3. Attitudes towards science and technology (see Table 4)
Most were interested in science and technology and believed that science has done more good than harm. However, 54% were of the opinion that the general population is poorly informed. Not many knew about patents or copyrights though they had heard of them. Maybe this is because they are relatively new to Chinese. The majority had heard about the new scientific developments listed in the questionnaires but only 30% knew something about them. Most believed that China should explore them, but 60% were somewhat worried about such research.
a) Many of those that had children would abort even if the risk of a handicapped fetus was less than 5% (57 respondents said that they would abort even if <5% risk, 35 if >5% risk), whereas many of those with no children would be willing to take a greater risk (48 said they would abort even if <5%, 59 if >5%) (X2=5.8, p<0.05).
In parallel with this, more females, especially those with children, denied that a handicapped fetus has a right to survive, or life. Of the males, 45 respondents agreed the handicapped fetus had a right to survive, and 41 disagreed; whereas 32 of the females agreed and 75 disagreed (X2=9.99; p<0.01). This is to be expected since it is usually the mother that bears the main burden in bringing the child up. The same factor is also seen in the abortion of fetuses affected by genetic diseases (Table 5).
Traditionally, the welfare of the majority has always been given more attention in China. Hence it is not surprising that the welfare of the handicapped has been relatively ignored. The present low salary system in China has probably accentuated the situation because a handicapped child will naturally lower the living standard of a family. While people do not want a handicapped child, they are sympathetic to them and willing to help. The Chinese Society of the Handicapped is playing an important role to promote the welfare of the handicapped. The Chinese Congress recently passed a law protecting the rights and welfare of the handicapped (3). These are encouraging.
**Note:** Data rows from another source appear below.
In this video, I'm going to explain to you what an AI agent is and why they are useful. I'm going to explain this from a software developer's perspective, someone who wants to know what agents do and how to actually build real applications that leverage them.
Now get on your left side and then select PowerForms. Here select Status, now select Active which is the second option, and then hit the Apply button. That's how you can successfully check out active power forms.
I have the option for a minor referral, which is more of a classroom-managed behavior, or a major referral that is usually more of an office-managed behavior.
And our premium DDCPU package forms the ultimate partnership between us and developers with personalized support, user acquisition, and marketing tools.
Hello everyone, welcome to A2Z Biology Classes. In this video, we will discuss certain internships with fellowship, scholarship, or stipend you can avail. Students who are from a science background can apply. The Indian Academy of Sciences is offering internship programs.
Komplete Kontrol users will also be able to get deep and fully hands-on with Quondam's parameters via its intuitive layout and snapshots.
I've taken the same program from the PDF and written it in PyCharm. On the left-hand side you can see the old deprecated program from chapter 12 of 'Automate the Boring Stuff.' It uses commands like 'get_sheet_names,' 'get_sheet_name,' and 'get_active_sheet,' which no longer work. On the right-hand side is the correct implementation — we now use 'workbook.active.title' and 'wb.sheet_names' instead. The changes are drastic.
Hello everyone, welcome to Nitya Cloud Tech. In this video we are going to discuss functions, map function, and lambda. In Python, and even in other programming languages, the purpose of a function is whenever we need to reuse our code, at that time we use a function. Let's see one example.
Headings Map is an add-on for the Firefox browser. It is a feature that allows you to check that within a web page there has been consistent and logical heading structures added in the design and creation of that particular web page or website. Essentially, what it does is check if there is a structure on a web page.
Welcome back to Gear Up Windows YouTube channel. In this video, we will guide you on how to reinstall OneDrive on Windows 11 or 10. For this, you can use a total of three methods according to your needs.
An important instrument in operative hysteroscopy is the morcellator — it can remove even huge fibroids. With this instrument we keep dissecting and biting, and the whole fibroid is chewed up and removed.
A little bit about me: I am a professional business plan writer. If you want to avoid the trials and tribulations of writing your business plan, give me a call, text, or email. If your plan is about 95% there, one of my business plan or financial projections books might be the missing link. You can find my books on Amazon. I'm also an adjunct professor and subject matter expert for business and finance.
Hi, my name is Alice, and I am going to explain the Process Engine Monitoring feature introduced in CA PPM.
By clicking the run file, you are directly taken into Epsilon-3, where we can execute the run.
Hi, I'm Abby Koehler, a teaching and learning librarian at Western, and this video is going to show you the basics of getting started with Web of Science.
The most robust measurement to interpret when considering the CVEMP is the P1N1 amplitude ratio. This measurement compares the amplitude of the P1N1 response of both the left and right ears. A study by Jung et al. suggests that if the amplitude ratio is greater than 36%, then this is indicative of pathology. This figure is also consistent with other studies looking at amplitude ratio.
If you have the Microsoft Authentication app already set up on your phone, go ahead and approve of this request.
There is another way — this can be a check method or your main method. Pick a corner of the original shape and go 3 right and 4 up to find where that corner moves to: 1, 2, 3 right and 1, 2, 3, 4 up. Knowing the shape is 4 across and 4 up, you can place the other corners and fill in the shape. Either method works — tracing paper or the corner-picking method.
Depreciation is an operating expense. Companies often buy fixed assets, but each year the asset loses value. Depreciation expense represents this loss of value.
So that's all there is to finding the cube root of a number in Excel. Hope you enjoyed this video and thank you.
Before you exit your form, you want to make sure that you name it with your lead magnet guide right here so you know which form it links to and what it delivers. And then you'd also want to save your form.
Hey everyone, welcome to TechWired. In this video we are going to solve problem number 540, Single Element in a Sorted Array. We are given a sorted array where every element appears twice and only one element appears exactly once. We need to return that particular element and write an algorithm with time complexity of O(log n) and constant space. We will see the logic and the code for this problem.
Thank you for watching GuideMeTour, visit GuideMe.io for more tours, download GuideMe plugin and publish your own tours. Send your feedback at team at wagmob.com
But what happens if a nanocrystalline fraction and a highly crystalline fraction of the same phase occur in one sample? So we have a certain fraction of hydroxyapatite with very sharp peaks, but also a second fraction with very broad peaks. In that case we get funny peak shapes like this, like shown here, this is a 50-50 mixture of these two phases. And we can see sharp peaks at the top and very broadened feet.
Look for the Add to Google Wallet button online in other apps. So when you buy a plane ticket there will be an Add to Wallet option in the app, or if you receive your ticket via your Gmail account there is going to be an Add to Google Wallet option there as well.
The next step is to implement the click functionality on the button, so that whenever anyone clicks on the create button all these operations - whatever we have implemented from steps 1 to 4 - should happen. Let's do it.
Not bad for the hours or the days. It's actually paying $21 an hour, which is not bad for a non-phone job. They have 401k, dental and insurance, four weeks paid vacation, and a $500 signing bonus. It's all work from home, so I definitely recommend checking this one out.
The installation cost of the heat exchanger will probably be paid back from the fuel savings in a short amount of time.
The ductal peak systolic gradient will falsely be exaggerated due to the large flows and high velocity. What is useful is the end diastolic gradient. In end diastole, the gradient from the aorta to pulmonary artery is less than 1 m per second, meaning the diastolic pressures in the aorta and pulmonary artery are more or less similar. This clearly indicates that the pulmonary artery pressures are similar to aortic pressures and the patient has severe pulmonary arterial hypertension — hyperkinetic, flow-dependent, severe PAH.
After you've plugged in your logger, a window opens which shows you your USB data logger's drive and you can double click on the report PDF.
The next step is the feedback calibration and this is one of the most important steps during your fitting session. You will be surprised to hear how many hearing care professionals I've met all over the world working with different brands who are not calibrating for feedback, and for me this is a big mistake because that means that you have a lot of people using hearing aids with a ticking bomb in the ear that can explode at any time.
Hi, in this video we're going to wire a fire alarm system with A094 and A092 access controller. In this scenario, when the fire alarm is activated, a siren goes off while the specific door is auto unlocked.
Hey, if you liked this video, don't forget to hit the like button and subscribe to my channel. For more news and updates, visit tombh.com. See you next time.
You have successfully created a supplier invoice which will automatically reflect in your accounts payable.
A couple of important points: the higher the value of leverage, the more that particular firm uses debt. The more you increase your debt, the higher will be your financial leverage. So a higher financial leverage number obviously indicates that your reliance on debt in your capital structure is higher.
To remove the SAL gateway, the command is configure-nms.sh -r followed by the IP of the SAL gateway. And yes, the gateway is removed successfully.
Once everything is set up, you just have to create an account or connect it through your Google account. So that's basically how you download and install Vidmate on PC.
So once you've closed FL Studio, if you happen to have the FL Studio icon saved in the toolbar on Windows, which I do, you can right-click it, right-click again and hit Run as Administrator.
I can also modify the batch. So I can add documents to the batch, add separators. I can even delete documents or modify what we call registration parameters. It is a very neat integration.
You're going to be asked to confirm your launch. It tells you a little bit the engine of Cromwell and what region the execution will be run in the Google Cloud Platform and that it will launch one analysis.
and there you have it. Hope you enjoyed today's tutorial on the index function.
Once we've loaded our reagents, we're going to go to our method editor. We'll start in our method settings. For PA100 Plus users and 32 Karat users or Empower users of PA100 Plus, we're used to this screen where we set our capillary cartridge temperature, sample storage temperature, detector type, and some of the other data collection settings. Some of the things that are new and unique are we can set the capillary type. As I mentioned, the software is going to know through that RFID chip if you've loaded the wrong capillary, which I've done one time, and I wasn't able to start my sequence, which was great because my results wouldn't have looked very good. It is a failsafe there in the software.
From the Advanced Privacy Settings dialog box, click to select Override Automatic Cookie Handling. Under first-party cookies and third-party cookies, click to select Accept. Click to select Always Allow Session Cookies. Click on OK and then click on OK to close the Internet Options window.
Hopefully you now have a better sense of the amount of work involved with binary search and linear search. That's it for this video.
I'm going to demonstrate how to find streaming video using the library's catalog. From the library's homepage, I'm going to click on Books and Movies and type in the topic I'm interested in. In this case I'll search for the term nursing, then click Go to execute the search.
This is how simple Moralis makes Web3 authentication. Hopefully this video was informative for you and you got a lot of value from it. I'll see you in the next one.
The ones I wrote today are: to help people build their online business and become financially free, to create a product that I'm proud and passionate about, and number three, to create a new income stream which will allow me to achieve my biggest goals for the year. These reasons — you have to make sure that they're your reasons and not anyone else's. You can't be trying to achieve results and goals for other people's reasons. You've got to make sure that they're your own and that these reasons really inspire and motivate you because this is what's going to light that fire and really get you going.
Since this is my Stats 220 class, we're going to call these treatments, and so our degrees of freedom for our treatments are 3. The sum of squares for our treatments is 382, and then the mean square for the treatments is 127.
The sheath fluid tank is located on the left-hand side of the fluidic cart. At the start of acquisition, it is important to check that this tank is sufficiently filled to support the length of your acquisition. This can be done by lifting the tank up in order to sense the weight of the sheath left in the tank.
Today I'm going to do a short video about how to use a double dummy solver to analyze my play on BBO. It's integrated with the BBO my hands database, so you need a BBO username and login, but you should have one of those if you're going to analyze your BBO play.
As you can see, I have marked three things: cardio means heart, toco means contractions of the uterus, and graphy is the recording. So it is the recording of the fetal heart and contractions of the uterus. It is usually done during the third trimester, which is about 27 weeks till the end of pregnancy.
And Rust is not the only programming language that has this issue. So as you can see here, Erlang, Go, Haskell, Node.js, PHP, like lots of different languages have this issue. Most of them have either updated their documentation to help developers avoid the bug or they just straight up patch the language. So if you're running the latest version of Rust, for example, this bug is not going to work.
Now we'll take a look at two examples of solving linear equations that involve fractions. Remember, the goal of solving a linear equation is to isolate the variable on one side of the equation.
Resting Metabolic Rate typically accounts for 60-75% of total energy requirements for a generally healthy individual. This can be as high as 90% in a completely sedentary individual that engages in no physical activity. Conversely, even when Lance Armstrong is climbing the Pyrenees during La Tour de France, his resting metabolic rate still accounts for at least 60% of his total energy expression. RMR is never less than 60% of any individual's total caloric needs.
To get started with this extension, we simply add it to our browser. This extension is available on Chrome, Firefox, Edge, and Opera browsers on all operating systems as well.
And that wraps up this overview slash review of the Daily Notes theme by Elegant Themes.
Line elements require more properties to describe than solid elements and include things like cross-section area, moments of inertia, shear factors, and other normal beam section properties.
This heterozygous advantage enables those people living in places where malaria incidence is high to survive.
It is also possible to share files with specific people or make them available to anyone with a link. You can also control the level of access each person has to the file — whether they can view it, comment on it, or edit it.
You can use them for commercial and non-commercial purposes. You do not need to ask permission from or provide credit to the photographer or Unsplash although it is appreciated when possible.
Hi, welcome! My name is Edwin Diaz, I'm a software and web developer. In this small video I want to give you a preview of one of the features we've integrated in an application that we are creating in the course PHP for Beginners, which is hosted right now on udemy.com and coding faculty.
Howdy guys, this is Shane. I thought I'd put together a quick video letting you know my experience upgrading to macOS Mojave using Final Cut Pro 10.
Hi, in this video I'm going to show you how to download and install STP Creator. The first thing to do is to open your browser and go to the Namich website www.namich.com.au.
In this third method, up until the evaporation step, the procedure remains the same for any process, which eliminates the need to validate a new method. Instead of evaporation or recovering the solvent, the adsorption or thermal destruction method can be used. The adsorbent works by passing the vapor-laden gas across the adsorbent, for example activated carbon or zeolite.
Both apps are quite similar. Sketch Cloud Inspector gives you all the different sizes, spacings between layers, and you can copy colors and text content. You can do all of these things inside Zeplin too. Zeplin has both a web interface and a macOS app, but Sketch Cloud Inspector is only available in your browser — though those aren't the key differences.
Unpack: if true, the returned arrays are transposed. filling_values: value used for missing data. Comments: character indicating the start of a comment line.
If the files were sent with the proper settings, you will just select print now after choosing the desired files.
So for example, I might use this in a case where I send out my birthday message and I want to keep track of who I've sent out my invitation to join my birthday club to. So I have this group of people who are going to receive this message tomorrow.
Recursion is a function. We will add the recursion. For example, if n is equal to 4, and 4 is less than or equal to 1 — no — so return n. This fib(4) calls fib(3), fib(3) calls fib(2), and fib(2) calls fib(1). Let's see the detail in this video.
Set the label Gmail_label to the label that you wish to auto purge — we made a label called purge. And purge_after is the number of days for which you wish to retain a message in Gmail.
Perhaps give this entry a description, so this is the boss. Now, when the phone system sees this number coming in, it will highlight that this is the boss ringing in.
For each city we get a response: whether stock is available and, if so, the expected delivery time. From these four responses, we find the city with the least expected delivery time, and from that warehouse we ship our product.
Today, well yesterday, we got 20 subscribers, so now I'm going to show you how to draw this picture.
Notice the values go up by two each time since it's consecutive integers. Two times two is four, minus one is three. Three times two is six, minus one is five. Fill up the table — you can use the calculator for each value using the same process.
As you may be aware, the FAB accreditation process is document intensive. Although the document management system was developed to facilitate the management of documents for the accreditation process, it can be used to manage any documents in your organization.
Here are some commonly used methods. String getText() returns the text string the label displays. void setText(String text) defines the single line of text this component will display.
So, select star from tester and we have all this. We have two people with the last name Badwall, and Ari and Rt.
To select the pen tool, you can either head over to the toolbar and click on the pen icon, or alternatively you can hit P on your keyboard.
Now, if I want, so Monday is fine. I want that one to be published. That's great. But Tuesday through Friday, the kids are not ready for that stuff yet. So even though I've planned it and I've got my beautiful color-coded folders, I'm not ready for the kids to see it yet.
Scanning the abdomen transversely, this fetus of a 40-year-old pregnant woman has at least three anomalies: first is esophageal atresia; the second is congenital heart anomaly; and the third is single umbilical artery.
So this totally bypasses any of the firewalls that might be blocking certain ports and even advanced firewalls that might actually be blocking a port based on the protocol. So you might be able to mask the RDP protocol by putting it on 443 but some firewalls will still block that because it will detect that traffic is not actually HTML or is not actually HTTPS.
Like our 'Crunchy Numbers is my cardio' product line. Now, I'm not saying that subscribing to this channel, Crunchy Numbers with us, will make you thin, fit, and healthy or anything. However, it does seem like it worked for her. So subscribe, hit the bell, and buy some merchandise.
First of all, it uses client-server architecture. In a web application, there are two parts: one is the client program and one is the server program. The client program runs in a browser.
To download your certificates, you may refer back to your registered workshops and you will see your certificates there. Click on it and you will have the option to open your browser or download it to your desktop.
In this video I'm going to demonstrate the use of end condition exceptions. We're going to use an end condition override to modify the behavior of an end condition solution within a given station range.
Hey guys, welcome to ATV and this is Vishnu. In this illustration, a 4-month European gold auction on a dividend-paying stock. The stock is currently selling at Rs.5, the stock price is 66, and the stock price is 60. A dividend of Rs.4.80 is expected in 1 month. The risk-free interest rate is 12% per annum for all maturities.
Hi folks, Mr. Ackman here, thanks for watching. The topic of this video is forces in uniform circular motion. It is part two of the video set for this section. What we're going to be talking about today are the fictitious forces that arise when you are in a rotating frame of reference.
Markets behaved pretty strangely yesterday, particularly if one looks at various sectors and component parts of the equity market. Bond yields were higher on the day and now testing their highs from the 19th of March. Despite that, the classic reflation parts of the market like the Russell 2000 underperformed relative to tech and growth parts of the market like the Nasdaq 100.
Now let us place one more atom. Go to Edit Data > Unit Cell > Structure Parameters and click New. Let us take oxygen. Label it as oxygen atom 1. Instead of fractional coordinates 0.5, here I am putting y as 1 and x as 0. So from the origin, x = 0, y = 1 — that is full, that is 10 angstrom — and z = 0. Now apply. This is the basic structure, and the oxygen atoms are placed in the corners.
b) In family planning, an interesting phenomenon is the fact that more males would place responsibility of taking contraceptive measures on the wife (56 said the wife, 36 the husband), and more females, on the husband (72 said the husband and 43 the wife) (X2=12.7, P<0.01).
c) As to be expected, people with a medical background knew more about genetic diseases and prenatal diagnosis than those with a non-medical background (Table 6).
d) Also people with more advanced education were more interested in science and technology, as is expected. The numbers expressing very much interest and average interest in science were: high school level, 25 and 7; college, 107 and 1; and postgraduate, 73 and 5, respectively (X2=13.8, P<0.01).
e) Religion and income did not play any important role in our survey. This could be due to the fact that only 10% of our participants were religious so the sample was small, and that there are less relative differences between different income groups in China compared to developed countries.
Sex No; Yes (sometimes); Yes; X2; P;
Male 7 13 60 6.86 <0.05
Female 6 6 100
Children X2 P
No 4 17 77 13.9 <0.01
Yes 9 2 83
Table 6: Occupation and knowledge of medical genetics (Numbers of respondents)
Occupation Genetics is causal factor of diabetes
(Aware; Unaware) X2; P;
Medical 69 18 7.09 <0.05
Non-medical 38 26
Knowledge about prenatal diagnosis (Good; Poor); X2; P;
Medical 106 8 35.5 <0.01
Non-medical 56 40
1. Fujiki, N. & Macer, D.R.J., eds., Human Genome Research and Society (Christchurch: Eubios Ethics Institute 1992).
2. Macer, D.R.J. Attitudes to Genetic Engineering: Japanese and International Comparisons (Christchurch: Eubios Ethics Institute 1992).
3. "Law for the Protection of the Handicapped", in Decree #36 of the Chairman of the People's Republic of China (The law came into effect from 15 May, 1991).